WHAT IS NEEDED:
Emit a verbatim copy of the lines below from the line with "dove-white-bar-90gm-x-2" through the line with "NYSHIP Opt-out Program", excluding pictures and everything outside that range.

PROVIDED RECORDS:

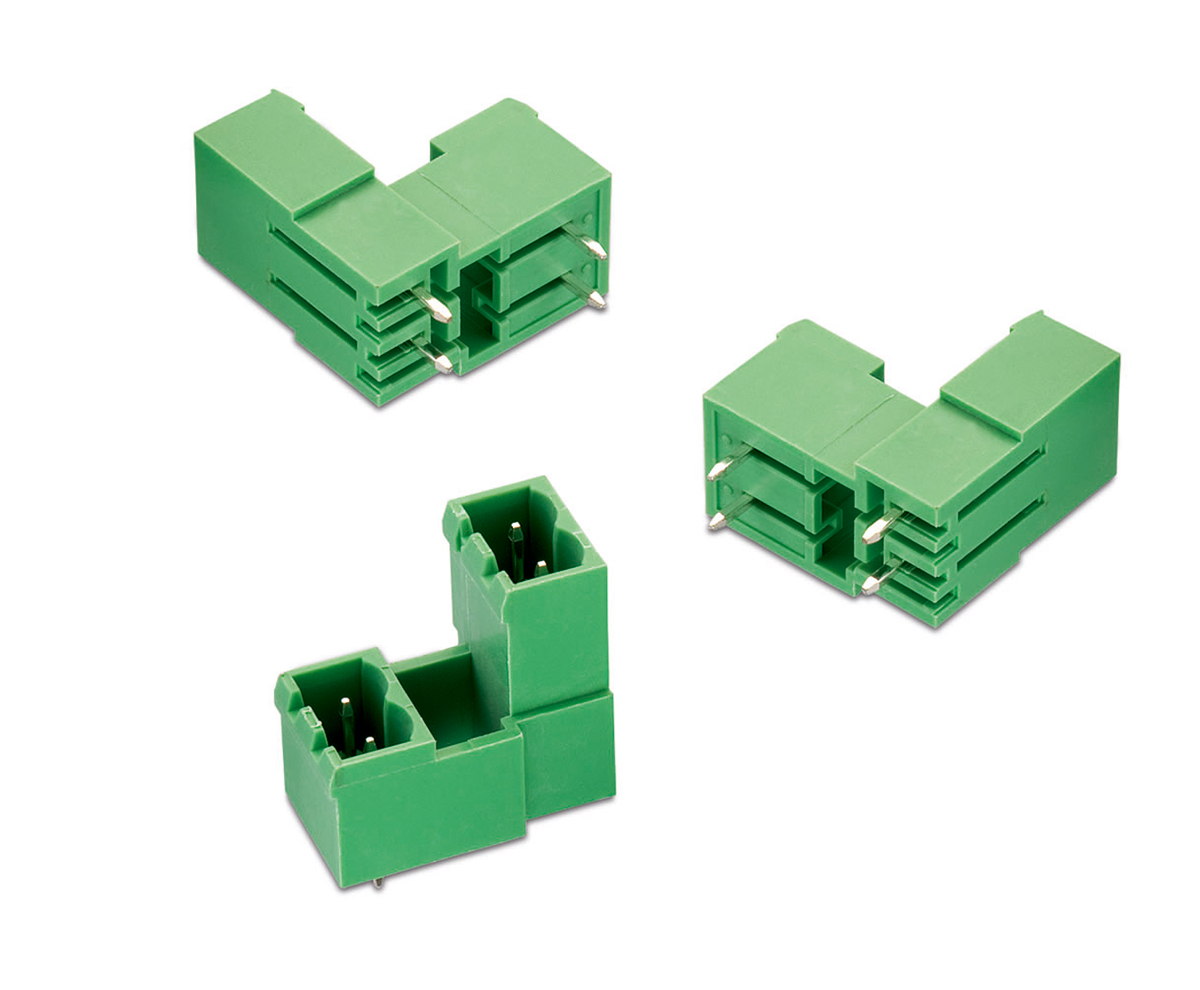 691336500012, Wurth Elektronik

--

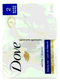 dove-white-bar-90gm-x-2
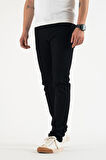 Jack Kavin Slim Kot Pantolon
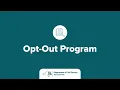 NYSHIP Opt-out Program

--

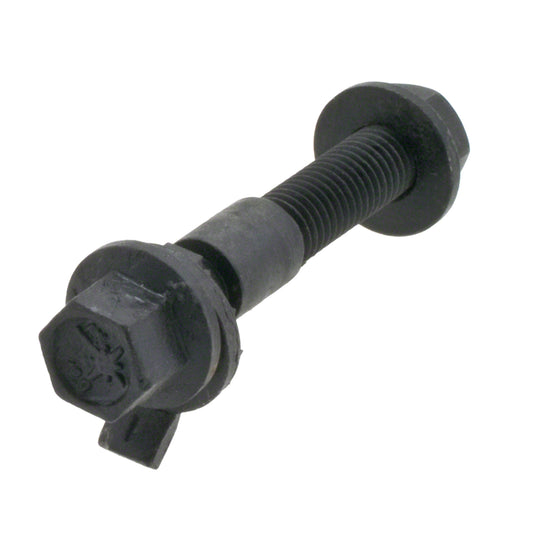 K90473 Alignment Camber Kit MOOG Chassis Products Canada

SOLUTION TO THIS EXERCISE:
 dove-white-bar-90gm-x-2
 Jack Kavin Slim Kot Pantolon
 NYSHIP Opt-out Program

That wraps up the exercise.